2018 ESA Annual Meeting (August 5 -- 10)

COS 67-2 - On the predictability of infectious disease outbreaks

Wednesday, August 8, 2018: 8:20 AM
355, New Orleans Ernest N. Morial Convention Center
Samuel V. Scarpino, Network Science Institute, Northeastern University and Giovanni Petri, ISI Foundation
Background/Question/Methods

Infectious disease outbreaks recapitulate biology: they emerge from the multi-level interaction of hosts, pathogens, and their shared environment. As a result, predicting when, where, and how far diseases will spread requires an integrative biological approach to modeling. Recent studies have demonstrated that predicting different components of outbreaks--e.g., the expected number of cases, pace and tempo of cases needing treatment, importation probability, the evolution of immune escape variants, etc.--is feasible. Therefore, advancing both the science and practice of disease forecasting now requires testing for the presence of fundamental limits to outbreak prediction.

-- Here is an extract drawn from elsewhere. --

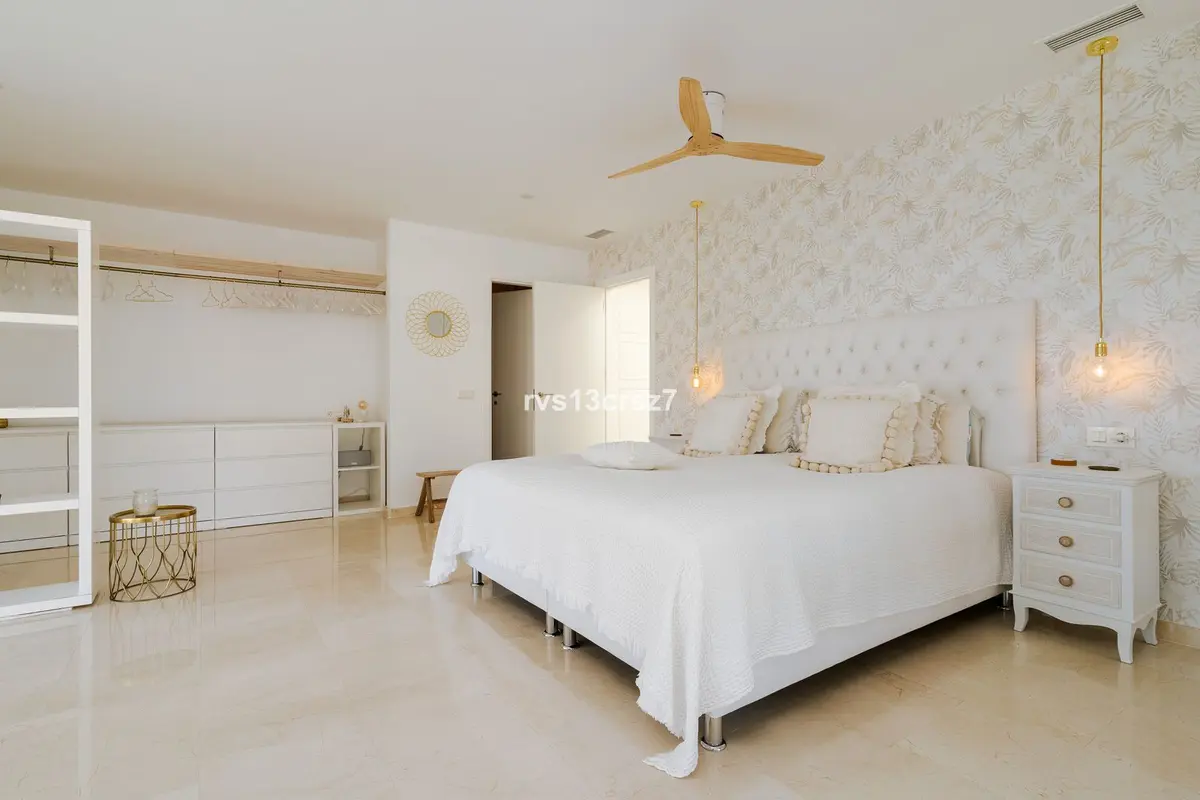 Detached Villa in El Rosario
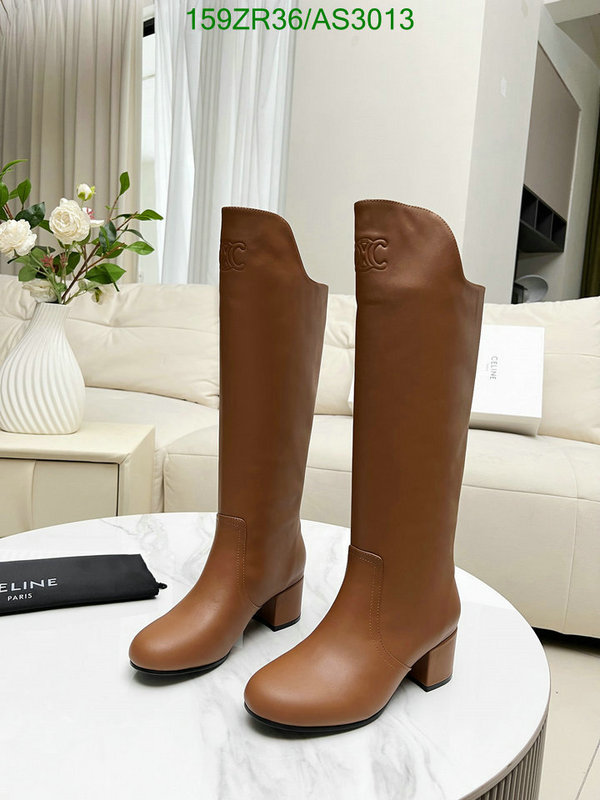 Boots-Women Shoes Code: AS3013 $: 159USD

To investigate the question of outbreak prediction, we study the information theoretic limits to forecasting across a broad set of infectious diseases using permutation entropy as a model independent measure of predictability.

Results/Conclusions

Studying the predictability of a diverse collection of historical outbreaks--including, chlamydia, gonorrhea, hepatitis A, influenza, Zika, measles, polio, whooping cough, and mumps--we identify a fundamental entropy barrier for infectious disease time series forecasting. However, we find that for most diseases this barrier to prediction is often well beyond the time scale of single outbreaks, implying prediction is likely to succeed. We also find that the forecast horizon varies by disease and demonstrate that both shifting model structures and social network heterogeneity are the most likely mechanisms for the observed differences in predictability across contagions. Critically, we also relate the emergence of entropic barriers to the capacity of pathogen populations to adapt to novel environments, e.g., host switches, anti-microbial treatment, and immune responses. Our results highlight the importance of embracing dynamic modeling approaches to prediction and integrating key aspects of pathogen ecology and evolution with host behavior.